Bartosz Węglarczyk nie czuje się zakłopotany tym, że ma zastąpić w programie Kuby Wojewódzkiego Michała Figurskiego, wyrzuconego z pracy za "żarty" o Ukrainkach podobne do jego tekstu z Dzień Dobry TVN. Przeciwnie - to dla niego i Kuby sposób, by pokazać wszystkim Ukraińcom i Polakom, których oburzyły ich słowa, że ich zdanie się nie liczy, a gwiazdom wolno w Polsce mówić dużo więcej niż "statystycznym".
W rozmowie z Gazetą Wyborczą Węglarczyk broni siebie i Wojewódzkiego. Stwierdza, że "podobnie patrzą na świat", a Kuba i Michał "mieli dobre intencje" śmiejąc się z gwałcenia sprzątaczek i porównywania ich pracy do pracy prostytutek. Widać też już pewien wpływ Wojewódzkiego, bo Węglarczyk obwinia... "głębokie kompleksy Polaków".
Jak oni wytrzymują w tym okropnym kraju?
- Cieszę się, że będę z nim pracować. Od pewnego czasu czułem, że nasze ścieżki się zbiegną, dosyć podobnie patrzymy na świat - zaczyna Węglarczyk w rozmowie z Gazetą Wyborczą.
Ten program o Ukrainkach? Oczywiście zaliczyli wpadkę. Zresztą tak, jak ja. W mediach to się zdarza. To zawód wysokiego ryzyka - tłumaczy się krótko.
- Słuchał pan "Porannego WF-u", w którym padły słowa o Ukrainkach?
- Tak.
- I co pan o nim myśli?
- Oni wcielili się w role, z których się wyśmiewali. To dla mnie oczywiste, że taka była konwencja tego programu.

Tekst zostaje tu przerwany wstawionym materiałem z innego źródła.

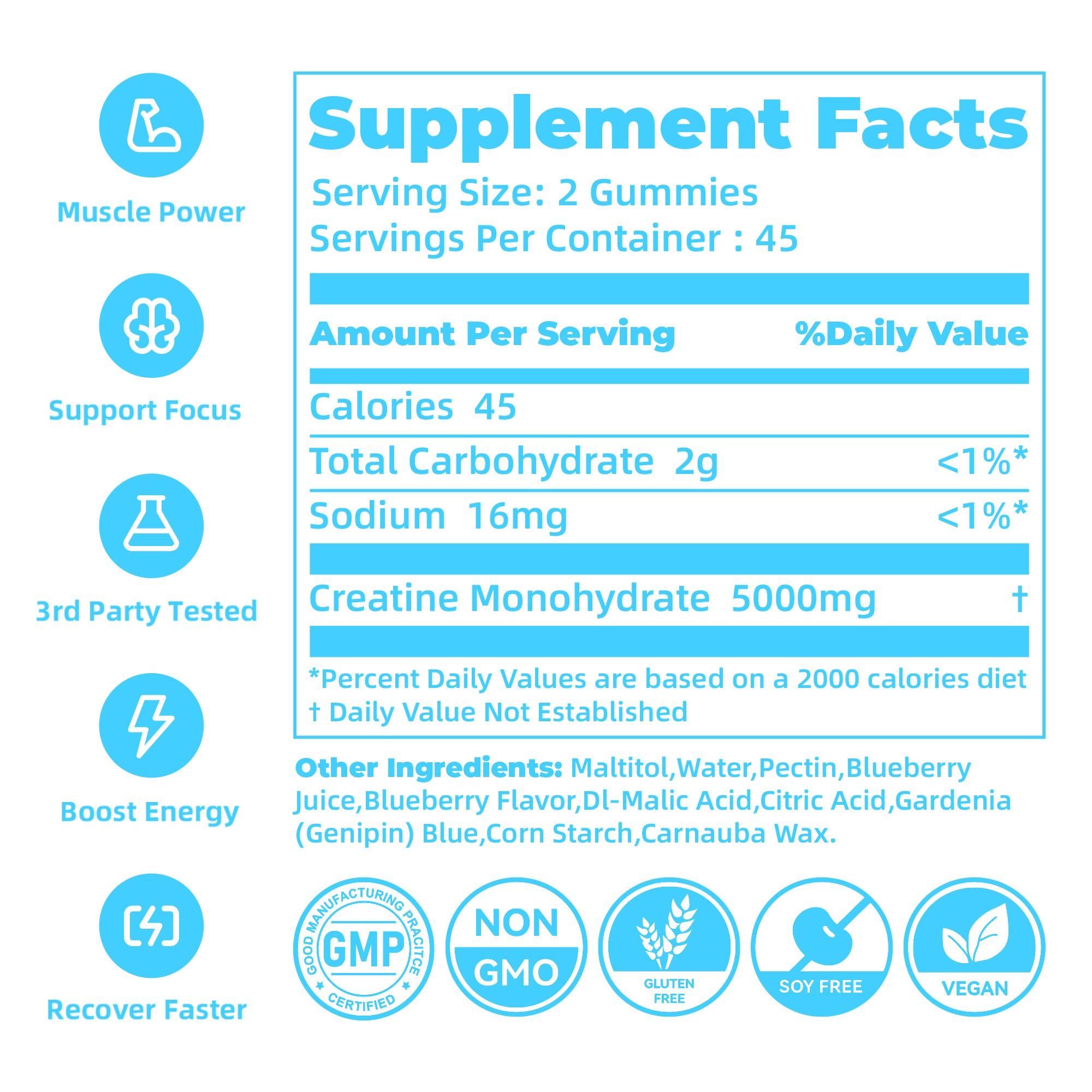 novomins Creatine Monohydrate Gummies 5000mg for Men & Women, Chewables Creatine Monohydrate for Muscle Strength, Muscle Builder, Energy Boost, Pre-Workout Supplement novomins buy supplements canada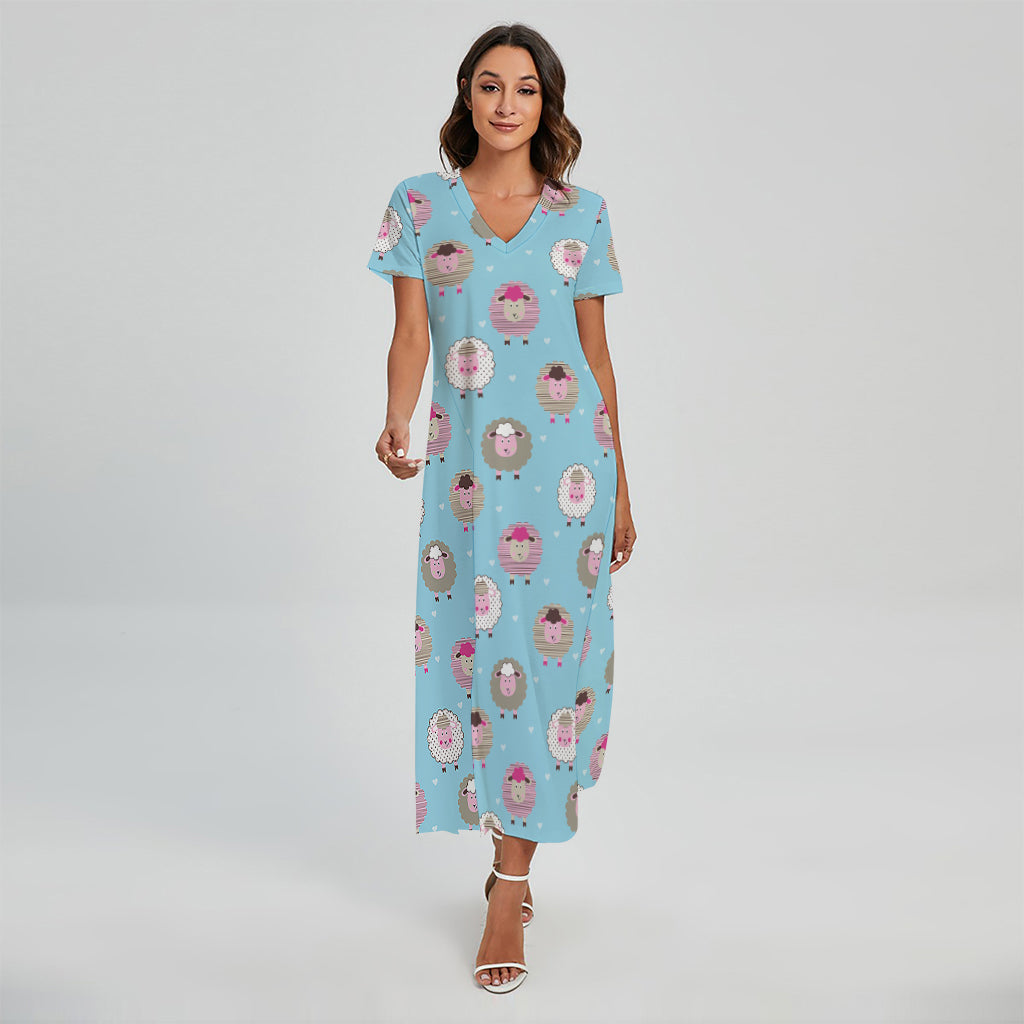 Cartoon Sheep Pattern Print Short Sleeve Maxi Dress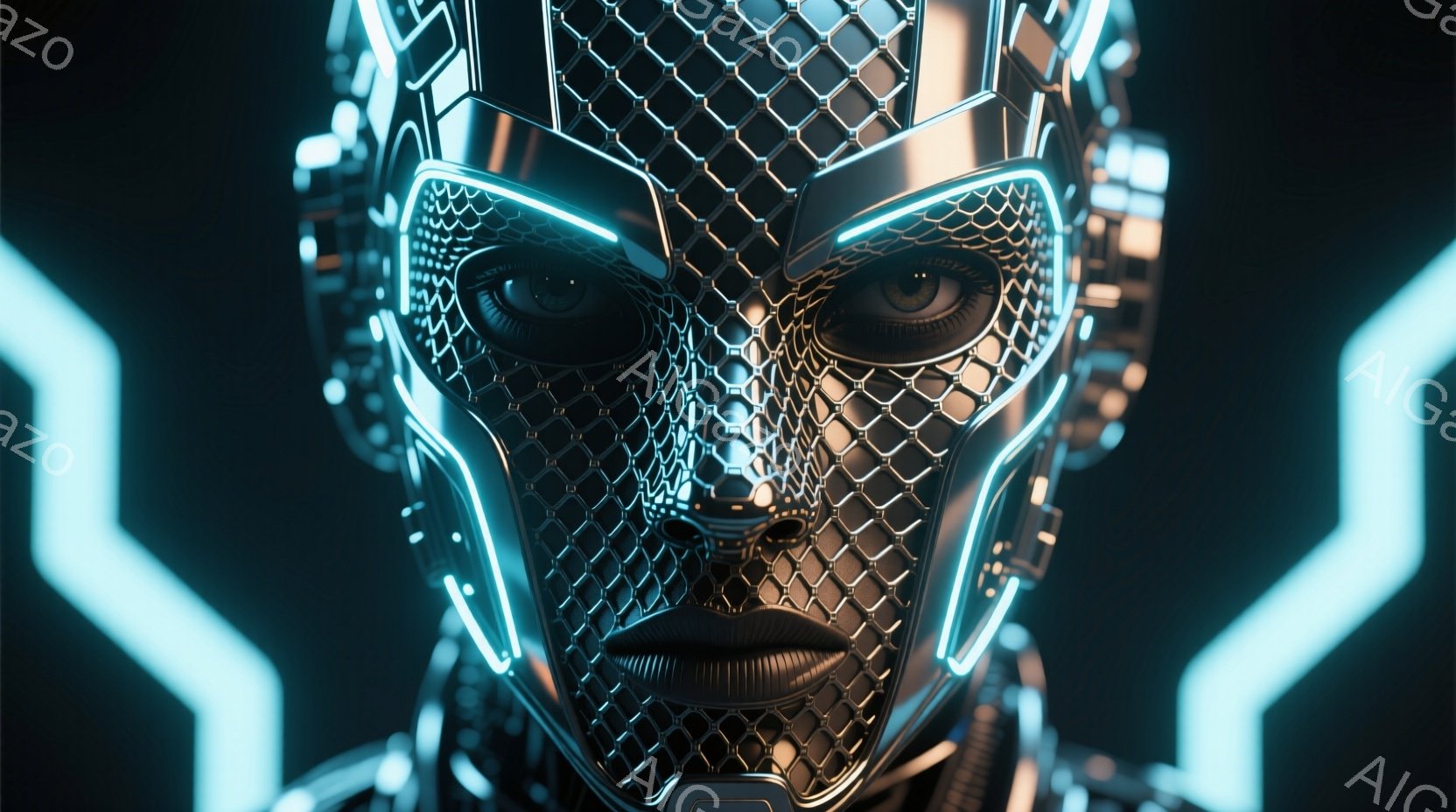 この画像は、未来的な金属製のマスクを装着した人物の正面からのクローズアップです。マスクは細かい網目状の金属で構成され、青色の光が縁取りのように光っており、目はリアルな人間の目に見えます。背景は暗く、青色の光のラインが放射状に広がっており、サイバーパンク風の未来的な雰囲気を醸し出しています。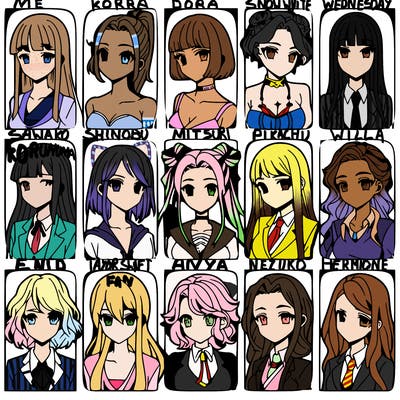 girls that look diffrent anime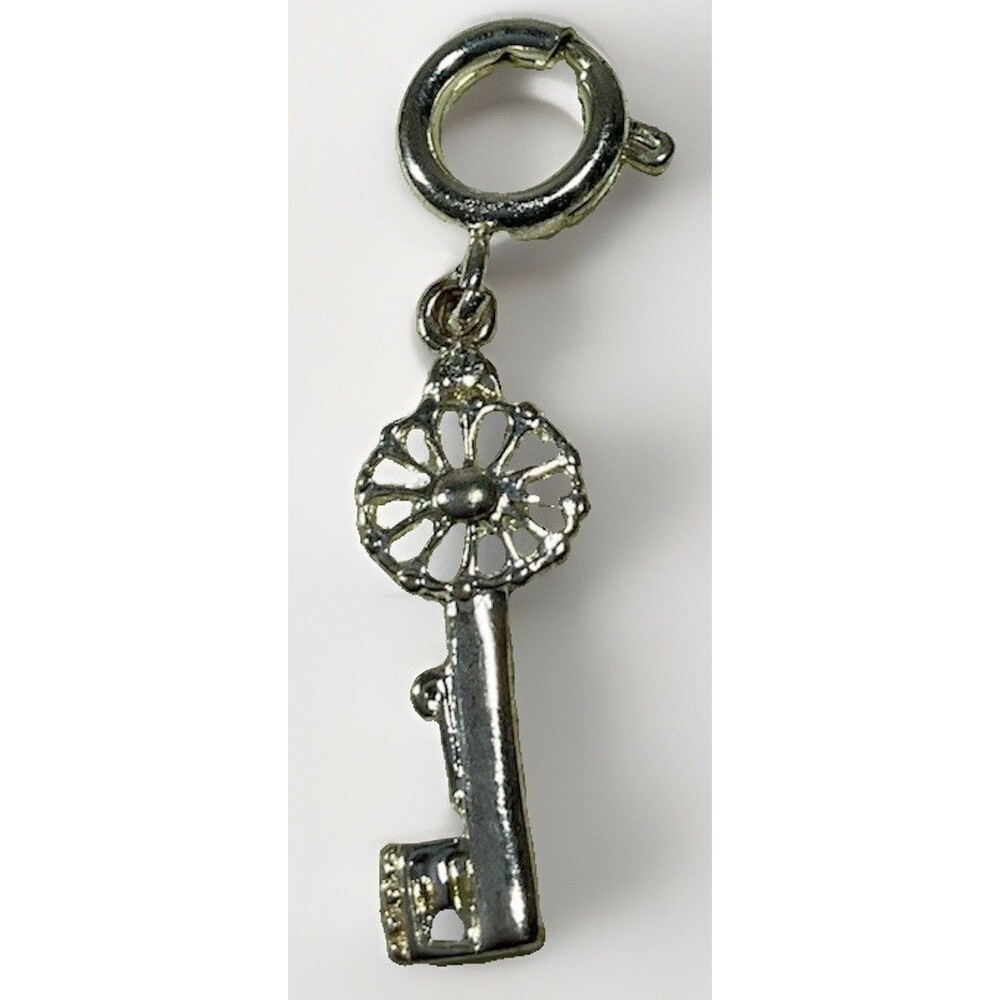 Old Style Key Charm .925 Sterling Silver 1.5” Bracelet Purse Bling Classic EUC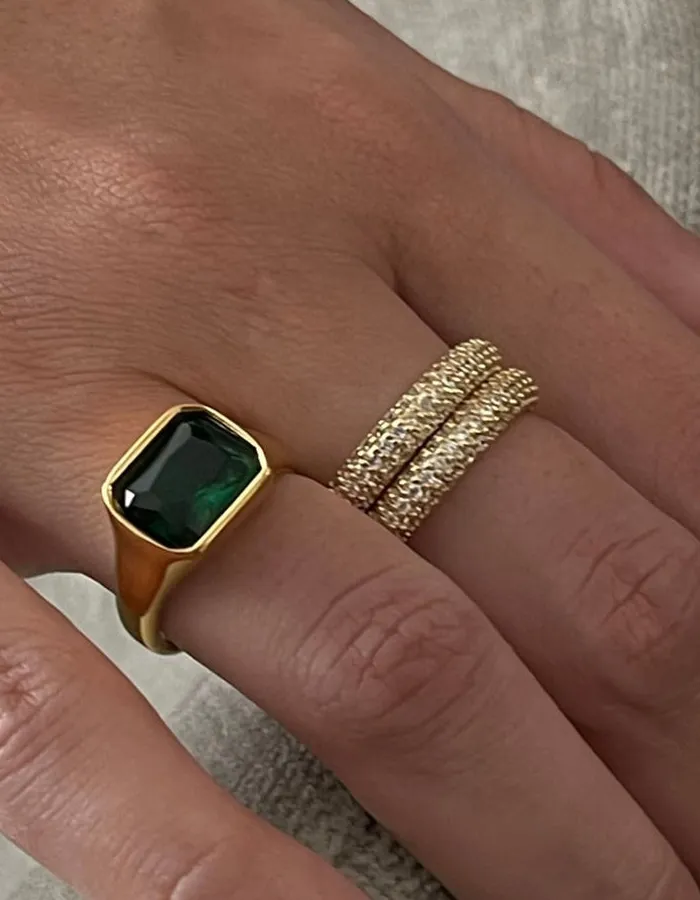 Authentic The Arc Of Radiance Gold- Plated Semi- Circular Talisman Ring
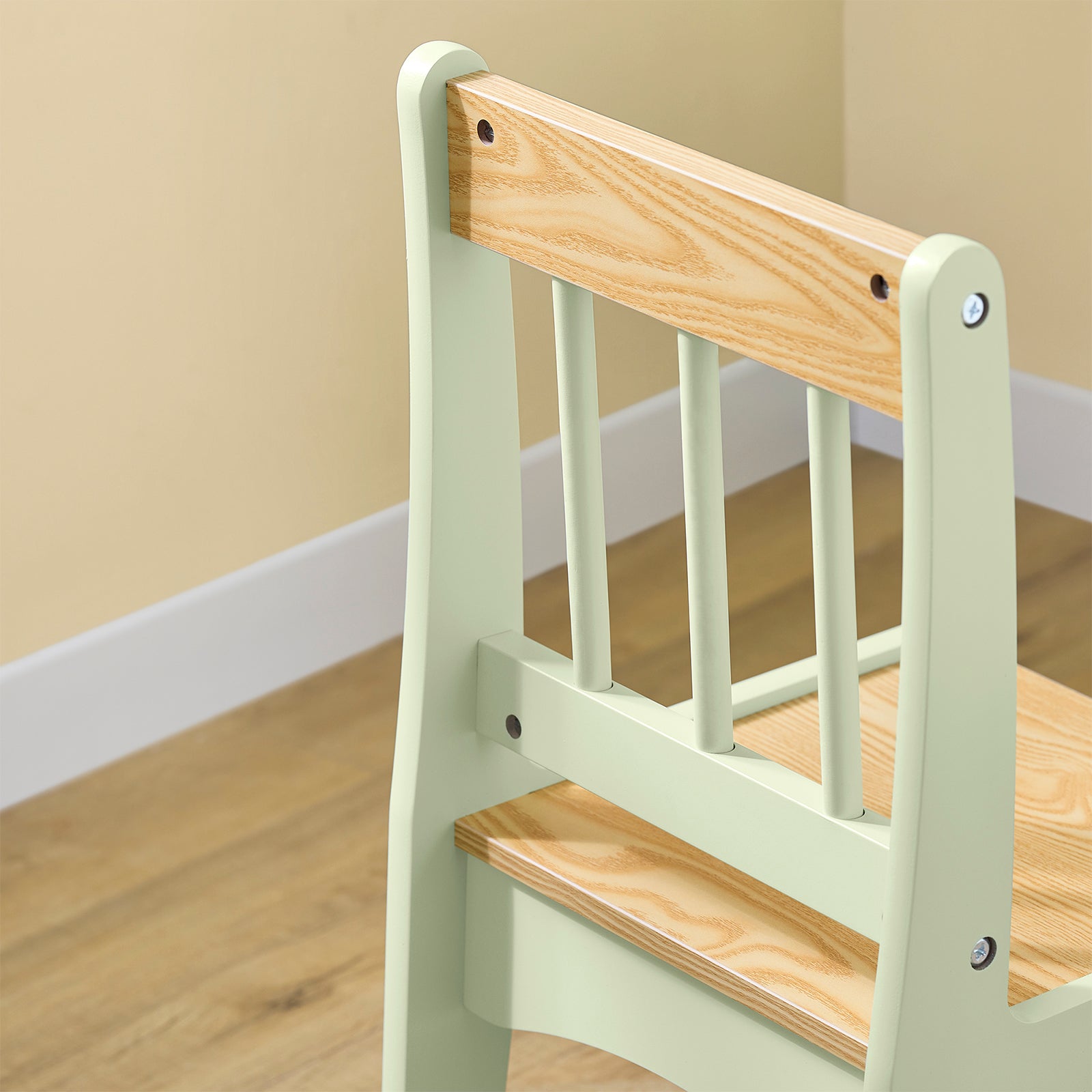 SoBuy | Kindertisch mit 1 Stuhl | Kindersitzgruppe | mit 1 Papierrollenhalter | Maltisch für Kinder | Grün | KMB60-GR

- Nie było powodu do oburzenia ze strony ministerstw spraw zagranicznych Ukrainy i Polski czy Krajowej Rady Radiofonii i Telewizji?
- Uważam, że Polacy mają głębokie kompleksy na swoim punkcie. Przepraszają za dużo i za bardzo przejmują się tym, co o nich się mówi i co oni mówią. Uważam, że problemem audycji było to, że prowadzącym nie wyszedł dowcip. Ale intencje mieli dobre.
Czy Węglarczyk rzeczywiście "żartował"? Wyglądało to bardziej tak, jakby powiedział niechący to, co myśli. Przypomnijmy to nagranie, warto popatrzyć, jakim tonem to mówi i jak reaguje. Nawet nie zrozumiał, że te słowa mogły kogoś bardzo zaboleć.
Swoją drogą, jak uważacie - czy mówienie wciąż o "głębokich kompleksach Polaków" świadczy naprawdę o braku kompleksów? A może właśnie to ich jaskrawy objaw?